The model was also fitted to data from the Dutch Health Inspectorate on the annual total number of AIDS cases between 1982 and 1996.[16,24] Total numbers of AIDS diagnoses after 1996 were not used because the probability of progressing to AIDS would be affected by the use of combination antiretroviral treatment and incorporating its effect and changes in treatment guidelines on when to start antiretroviral treatment would make our model much more complicated. Instead, from 1996 onwards, we used ATHENA data on concurrent HIV/AIDS diagnoses made before treatment was started and therefore not affected by treatment. We did not use data on concurrent HIV and AIDS diagnoses before 1996, because patients in ATHENA with an HIV/AIDS diagnosis in that period are a biased group of patients who survived up to 1996. The number of HIV diagnoses and HIV/AIDS cases in 2011 and 2012 were corrected for a backlog in registration by adding 3% and 11%, respectively, to the number of cases observed so far.[23]

We constructed point wise 95% confidence intervals (CI) for the parameters and other outcomes via a bootstrap procedure (see eAppendix; http://links.lww.com/EDE/A932). Although analyses were done up to and including 2012, we report model outcomes at the end of 2011 because of wide confidence intervals in 2012. Numbers were rounded to the nearest 10, 50, or 100 if they were below 1,000, between 1,000 and 10,000, or above 10,000, respectively.

The number of HIV-infected MSM who were still alive by the end of 2011 was estimated by subtracting the cumulative number of MSM who died from the cumulative number of HIV infections. The number of MSM who died because of AIDS, while remaining undiagnosed was calculated from the mathematical model. The number of deaths among diagnosed MSM was taken from Statistics Netherlands (before 2002) or ATHENA (from 2002 onwards).[23,24] Since Statistics Netherlands has no information on transmission risk group, it was assumed that 70% of deaths among men were MSM, which is the percentage of MSM among male patients in ATHENA diagnosed before 2002.[5]

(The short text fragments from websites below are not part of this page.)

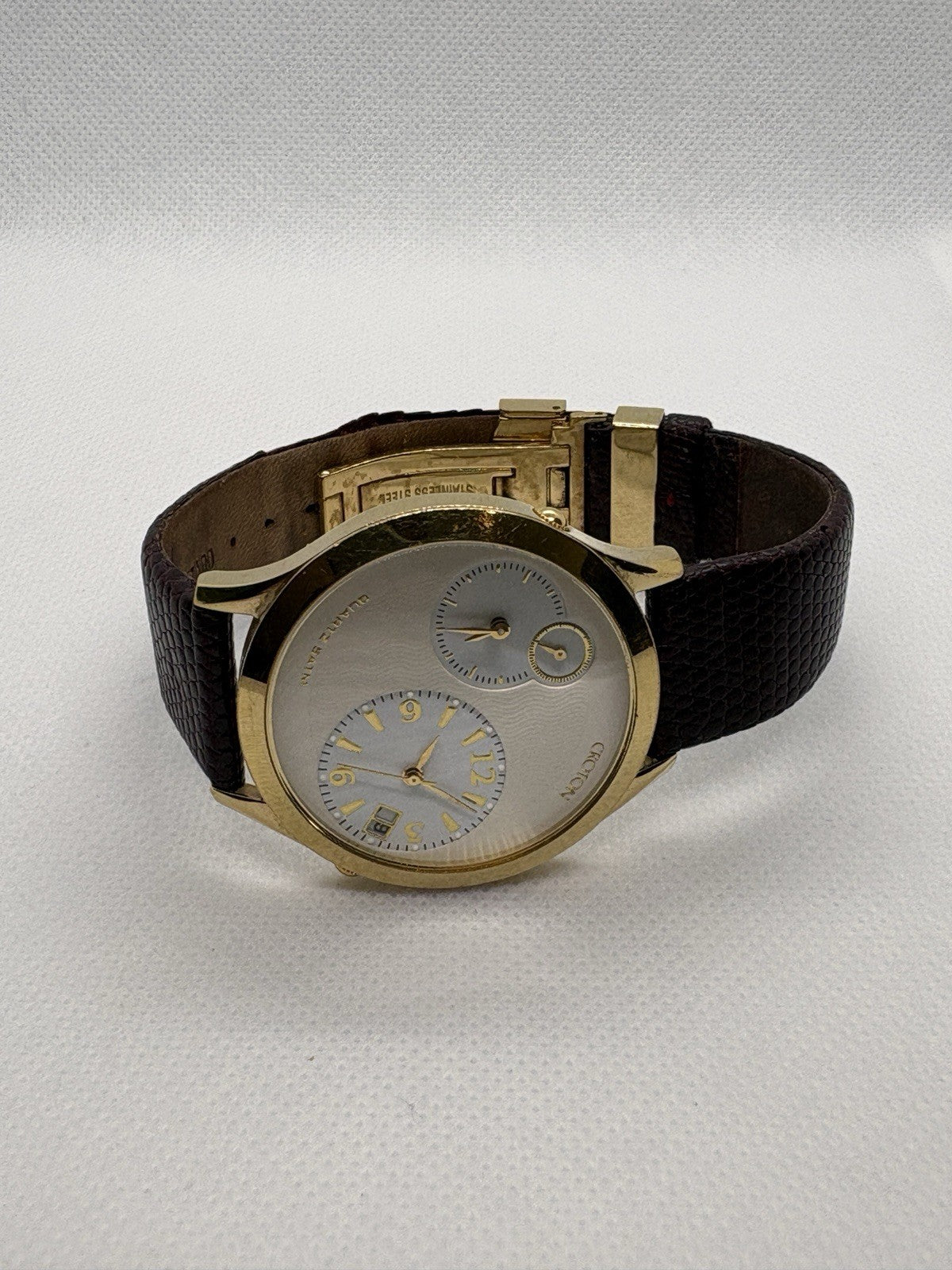 Croton Dual Time Japan MVT Cream Dial Genuine Brown Leather Band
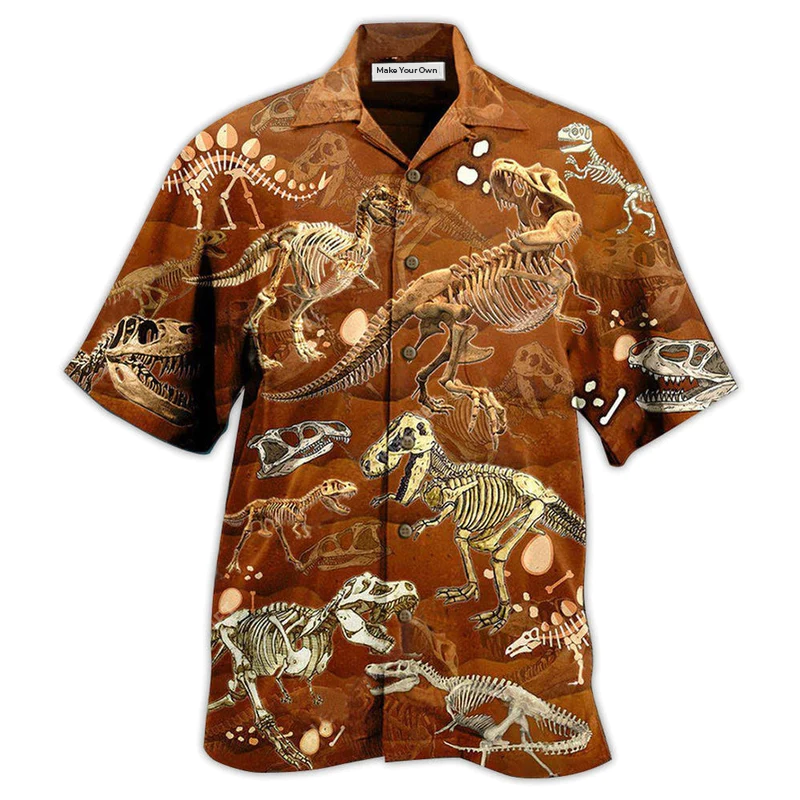 Dinosaur T-Rex Skull Vintage - Hawaiian Shirt
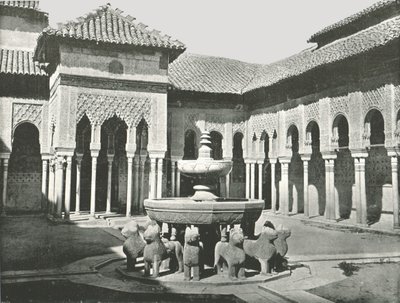 द कोर्ट ऑफ़ द लायंस, अल्हाम्ब्रा, ग्रेनेडा, स्पेन, 1895। द्वारा डब्ल्यू एंड एस लिमिटेड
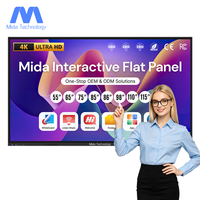 Pizarra Interactiva Inteligente LCD con Pantalla Táctil de 85 Pulgadas 4K, Precio de Fábrica MIDA, Software Multi-Idioma, para Aula y Oficina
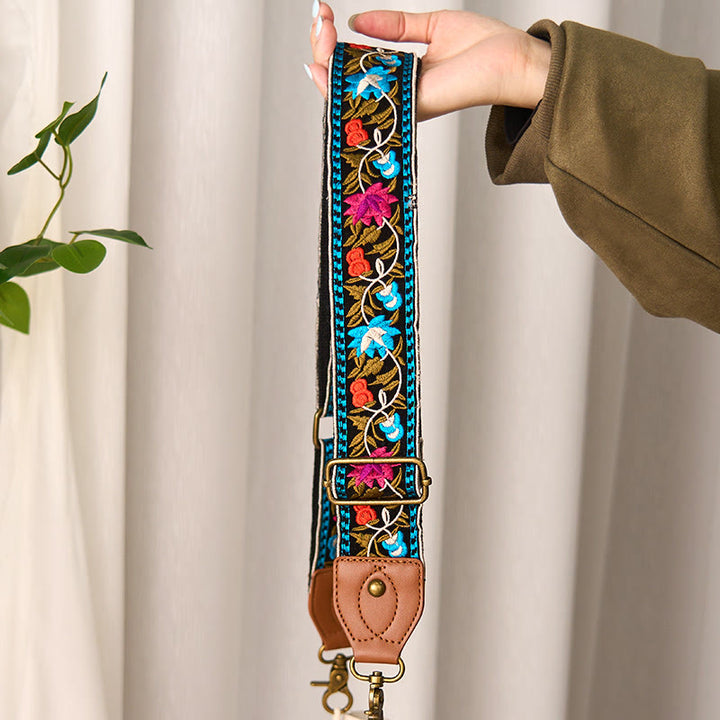 Buddha Stones Bohemian Flower Vine Geometric Embroidery Adjustable Handbags Crossbody Shoulder Bag Purse Straps Replacement - image 4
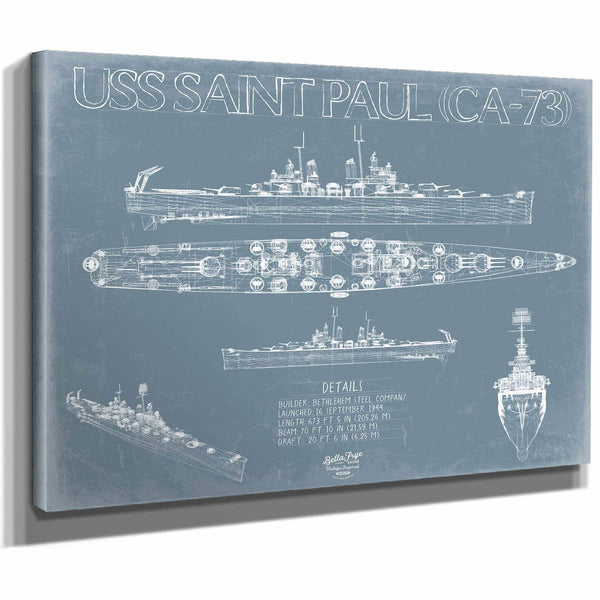 Bella Frye Home & Garden > Decor > Artwork USS Saint Paul (CA-73) Blueprint Wall Art - Original Cruiser Print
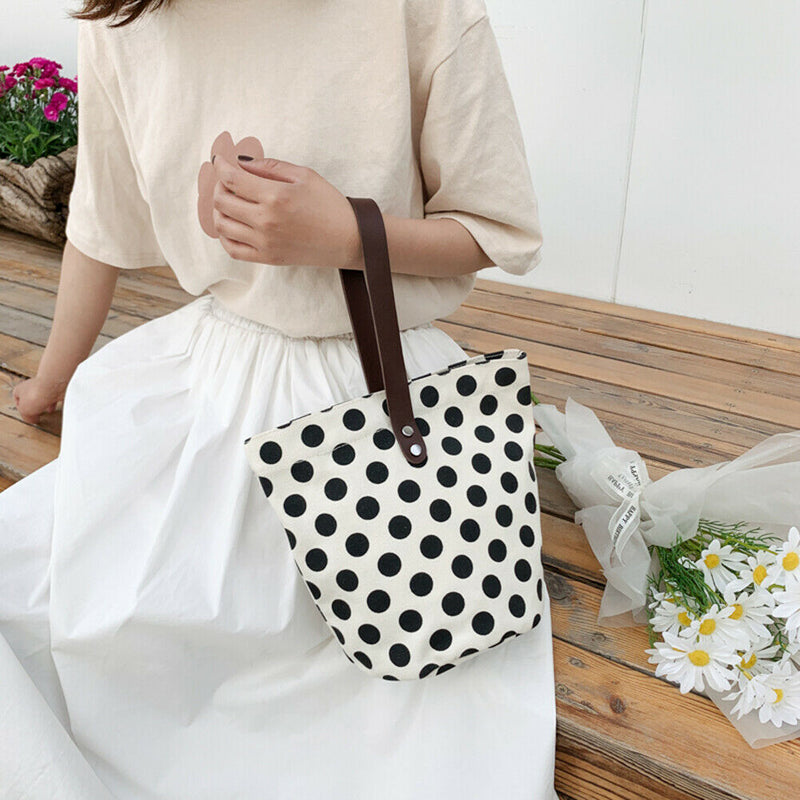 Fashion Women Polka Dots Handbag Casual Large Capacity Shopping Travel Tote Bag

In a secondary analysis, we assumed diagnosis rates to be the same for the first three CD4 strata (d1(t)=d2(t)=d3(t)) and assumed that d4(t)=d3(t)+dsymp(t) with dsymp(t) the rate of being diagnosed because of HIV-related symptoms. In this case, we did not use information on CD4 counts and fitted the model to the total annual number of HIV diagnoses instead of diagnoses by CD4 count stratum. We also did a multivariable sensitivity analysis to investigate the impact of assumptions on input parameters on the model outcomes (eAppendix; http://links.lww.com/EDE/A932).[25,26]

Simulated Data

We tested our approach by determining the annual number of HIV infections and the number of undiagnosed infections in three populations of simulated HIV-infected patients generated using HIV Synthesis.[8,27] In brief, HIV Synthesis is an individual-based stochastic simulation model of HIV progression and the effect of antiretroviral treatment. Model assumptions and parameters are based on data from observational cohorts and clinical trials. Although HIV Synthesis can simulate the effect of antiretroviral treatment, for our purpose, the most important feature is its ability to generate newly diagnosed HIV and AIDS cases from prespecified incidence curves and diagnosis rates with a validated course of CD4 count changes and progression to AIDS and death during untreated HIV infection.[27] Estimated incidence curves were compared with the true curves that were used as input in the simulations.

RESULTS

Applying our method to simulated data showed that the true number of infections could be reconstructed accurately, with the majority of true values lying within the estimated 95% confidence intervals (Figure 2). However, the method could not accurately estimate the peak in the true number of infections in the mid-1980s, which is most apparent in Figure 2C. Nevertheless, the method was still able to estimate the number of undiagnosed individuals although the difference with the true number was larger in most recent years (Figure 3). In the secondary model, which did not use information on CD4 counts at the time of diagnosis, the estimated HIV infection curves and undiagnosed population looked similar (eFigures 2 and 3; http://links.lww.com/EDE/A932), although confidence intervals were wider.

FIGURE 2.

Estimated and true number of infections for three different simulated HIV epidemics. Black solid lines show the model estimates, and dashed lines are 95% confidence intervals. Thin grey lines show results of multivariable sensitivity analyses. Grey dots are the true annual number of infections.

FIGURE 3.

Estimated and true number of undiagnosed infections for three different simulated HIV epidemics. Black solid lines show the model estimates, and dashed lines are 95% confidence intervals. Thin grey lines show results of multivariable sensitivity analyses. Grey dots are the true annual number of undiagnosed infections.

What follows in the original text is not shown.